Je comprends leur peur : le Royaume-Uni risque de s’en sortir très bien, mieux que lorsqu’il était dans l’Union européenne, ce qui ne manquera pas de donner des idées à d’autres. Les anti-Brexiters agitaient la peur, à présent la peur est dans leur camp, massive, et ils vont en subir tout le poids, ce qui réactivera le caquetage destiné à conjurer leur peur.

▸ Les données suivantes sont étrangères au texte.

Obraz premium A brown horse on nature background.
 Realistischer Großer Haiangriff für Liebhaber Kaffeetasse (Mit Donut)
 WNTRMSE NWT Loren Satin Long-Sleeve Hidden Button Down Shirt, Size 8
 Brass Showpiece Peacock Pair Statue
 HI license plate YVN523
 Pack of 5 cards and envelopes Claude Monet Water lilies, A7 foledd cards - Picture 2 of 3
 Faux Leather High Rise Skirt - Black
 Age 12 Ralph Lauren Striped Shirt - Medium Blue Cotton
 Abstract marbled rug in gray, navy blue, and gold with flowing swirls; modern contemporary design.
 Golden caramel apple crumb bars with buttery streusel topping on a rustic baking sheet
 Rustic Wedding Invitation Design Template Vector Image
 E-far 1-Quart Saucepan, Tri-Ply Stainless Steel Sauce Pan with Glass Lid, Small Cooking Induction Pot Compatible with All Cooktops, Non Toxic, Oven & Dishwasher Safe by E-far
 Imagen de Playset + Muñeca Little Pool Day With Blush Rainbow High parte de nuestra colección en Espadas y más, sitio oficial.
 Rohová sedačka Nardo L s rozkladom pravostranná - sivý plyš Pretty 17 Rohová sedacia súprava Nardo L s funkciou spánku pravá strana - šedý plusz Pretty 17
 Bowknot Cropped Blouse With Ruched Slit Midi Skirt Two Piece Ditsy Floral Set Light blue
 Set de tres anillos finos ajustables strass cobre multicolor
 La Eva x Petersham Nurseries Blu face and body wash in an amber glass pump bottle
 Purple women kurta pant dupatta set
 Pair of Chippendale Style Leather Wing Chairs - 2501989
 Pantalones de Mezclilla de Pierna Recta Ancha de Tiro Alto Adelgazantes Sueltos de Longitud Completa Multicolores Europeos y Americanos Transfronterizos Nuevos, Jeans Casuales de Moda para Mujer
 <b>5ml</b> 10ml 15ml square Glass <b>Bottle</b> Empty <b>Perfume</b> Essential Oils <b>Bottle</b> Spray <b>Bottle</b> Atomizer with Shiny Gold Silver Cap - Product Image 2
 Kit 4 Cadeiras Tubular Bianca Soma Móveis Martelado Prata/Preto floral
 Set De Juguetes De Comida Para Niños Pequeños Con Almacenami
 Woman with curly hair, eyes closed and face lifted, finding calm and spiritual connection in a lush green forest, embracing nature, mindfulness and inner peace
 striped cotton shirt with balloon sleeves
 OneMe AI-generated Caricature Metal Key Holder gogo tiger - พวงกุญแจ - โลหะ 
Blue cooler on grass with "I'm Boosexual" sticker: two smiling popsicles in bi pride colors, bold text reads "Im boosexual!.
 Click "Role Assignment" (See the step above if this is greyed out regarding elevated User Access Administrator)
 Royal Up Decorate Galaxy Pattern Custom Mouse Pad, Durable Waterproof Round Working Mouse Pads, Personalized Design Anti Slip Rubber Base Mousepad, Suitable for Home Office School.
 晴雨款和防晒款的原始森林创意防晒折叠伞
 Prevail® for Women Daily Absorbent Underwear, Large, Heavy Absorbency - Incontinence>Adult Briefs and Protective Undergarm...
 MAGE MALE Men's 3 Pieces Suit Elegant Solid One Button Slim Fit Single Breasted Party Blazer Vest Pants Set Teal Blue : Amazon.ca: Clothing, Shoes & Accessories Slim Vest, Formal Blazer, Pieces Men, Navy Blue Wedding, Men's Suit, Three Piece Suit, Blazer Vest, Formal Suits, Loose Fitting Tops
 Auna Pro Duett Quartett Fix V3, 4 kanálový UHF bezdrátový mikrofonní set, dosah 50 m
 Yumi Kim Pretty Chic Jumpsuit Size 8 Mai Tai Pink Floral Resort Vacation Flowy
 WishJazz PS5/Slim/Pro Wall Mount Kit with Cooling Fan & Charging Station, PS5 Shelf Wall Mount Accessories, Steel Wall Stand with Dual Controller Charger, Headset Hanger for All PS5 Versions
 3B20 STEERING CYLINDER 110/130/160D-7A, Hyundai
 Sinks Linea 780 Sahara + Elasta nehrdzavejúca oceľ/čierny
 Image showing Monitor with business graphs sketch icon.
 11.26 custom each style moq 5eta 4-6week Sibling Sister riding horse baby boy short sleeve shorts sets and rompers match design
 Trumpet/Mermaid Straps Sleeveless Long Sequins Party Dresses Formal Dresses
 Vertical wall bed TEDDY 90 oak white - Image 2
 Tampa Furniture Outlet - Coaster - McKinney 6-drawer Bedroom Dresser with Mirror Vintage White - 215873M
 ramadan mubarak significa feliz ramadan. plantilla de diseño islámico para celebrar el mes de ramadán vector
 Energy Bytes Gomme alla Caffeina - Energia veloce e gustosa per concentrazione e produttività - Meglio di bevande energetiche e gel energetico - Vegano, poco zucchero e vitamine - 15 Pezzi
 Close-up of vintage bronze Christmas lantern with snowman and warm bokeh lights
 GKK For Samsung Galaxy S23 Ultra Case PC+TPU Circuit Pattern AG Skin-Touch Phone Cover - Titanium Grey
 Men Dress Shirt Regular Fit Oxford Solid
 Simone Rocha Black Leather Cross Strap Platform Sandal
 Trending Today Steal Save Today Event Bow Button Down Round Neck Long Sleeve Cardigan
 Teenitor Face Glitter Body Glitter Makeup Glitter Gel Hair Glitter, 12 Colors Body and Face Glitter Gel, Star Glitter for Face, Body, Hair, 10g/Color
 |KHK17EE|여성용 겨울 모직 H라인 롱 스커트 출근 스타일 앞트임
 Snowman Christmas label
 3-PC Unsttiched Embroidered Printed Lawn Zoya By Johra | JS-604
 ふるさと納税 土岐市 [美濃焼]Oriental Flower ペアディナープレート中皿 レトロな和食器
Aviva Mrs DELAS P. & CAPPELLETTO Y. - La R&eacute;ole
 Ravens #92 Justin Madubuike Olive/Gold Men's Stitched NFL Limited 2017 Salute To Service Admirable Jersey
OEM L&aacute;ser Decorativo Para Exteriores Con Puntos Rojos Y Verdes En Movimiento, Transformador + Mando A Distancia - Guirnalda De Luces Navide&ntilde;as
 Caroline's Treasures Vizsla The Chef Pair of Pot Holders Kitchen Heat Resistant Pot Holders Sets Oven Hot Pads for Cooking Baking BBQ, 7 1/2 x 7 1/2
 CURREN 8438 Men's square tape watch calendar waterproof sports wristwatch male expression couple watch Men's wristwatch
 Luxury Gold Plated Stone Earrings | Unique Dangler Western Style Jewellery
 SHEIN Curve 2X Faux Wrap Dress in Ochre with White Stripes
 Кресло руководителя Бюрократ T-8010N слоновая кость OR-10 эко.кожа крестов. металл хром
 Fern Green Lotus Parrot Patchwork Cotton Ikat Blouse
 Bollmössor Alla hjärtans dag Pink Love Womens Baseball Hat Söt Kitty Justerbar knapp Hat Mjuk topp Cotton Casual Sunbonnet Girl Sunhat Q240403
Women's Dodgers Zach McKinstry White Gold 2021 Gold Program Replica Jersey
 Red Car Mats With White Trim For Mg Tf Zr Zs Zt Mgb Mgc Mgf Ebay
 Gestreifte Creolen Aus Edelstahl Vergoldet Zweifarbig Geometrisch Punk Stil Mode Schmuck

Je suis prêt à parier, fort des éléments dont je dispose, que le Royaume-Uni s’en sortira bien, très bien même. Il suffit de commencer par observer ce qui s’est passé depuis le 23 juin 2016, pas de catastrophe annoncée (même Christine Lagarde y allait de ses prévisions). La livre sterling ne s’est pas effondrée, et sa légère baisse a eu entre autres effets de favoriser la production intérieure. Étudiez l’évolution de la production manufacturière et industrielle post-Brexit du Royaume-Uni. Quant aux marchés financiers, suivez le FTSE 100 dont l’évolution ne tend pas vers l’effondrement annoncé. La croissance est plutôt solide, elle se renforce et tout indique que cette tendance va se poursuivre. Mais, surtout, le chômage qui était de 5 % avant le référendum (selon l’Office of National Statistics) a été ramené à 3,8 % vers le milieu de l’année 2019. Et sans se perdre dans les statistiques, force est de constater que le taux de chômage n’a pas baissé grâce aux petits boulots et aux contrats zéro heure. L’augmentation des salaires et du pouvoir d’achat est soutenue depuis ce vote. Les investissements ne se sont pas effondrés, loin s’en faut. Inénarrable prétention hexagonale. Et Paris qui espérait prendre la place de Londres comme capitale financière européenne ! Une fois encore, je ne vais pas surcharger cet article de chiffres et de statistiques mais l’augmentation des investissements étrangers suite au vote pro-Brexit est soutenue ; et ces investissements n’étaient ralentis que par une certaine incertitude, incertitude à présent dissipée. Tout indique qu’ils vont sensiblement augmenter après le 1er janvier 2021. Quant à l’immobilier, ses prix ne se sont pas effondrés comme annoncé, ils ont même augmenté à un rythme plutôt soutenu. On attend toujours les milliers de financiers qui doivent traverser la Manche pour s’installer sur le Continent.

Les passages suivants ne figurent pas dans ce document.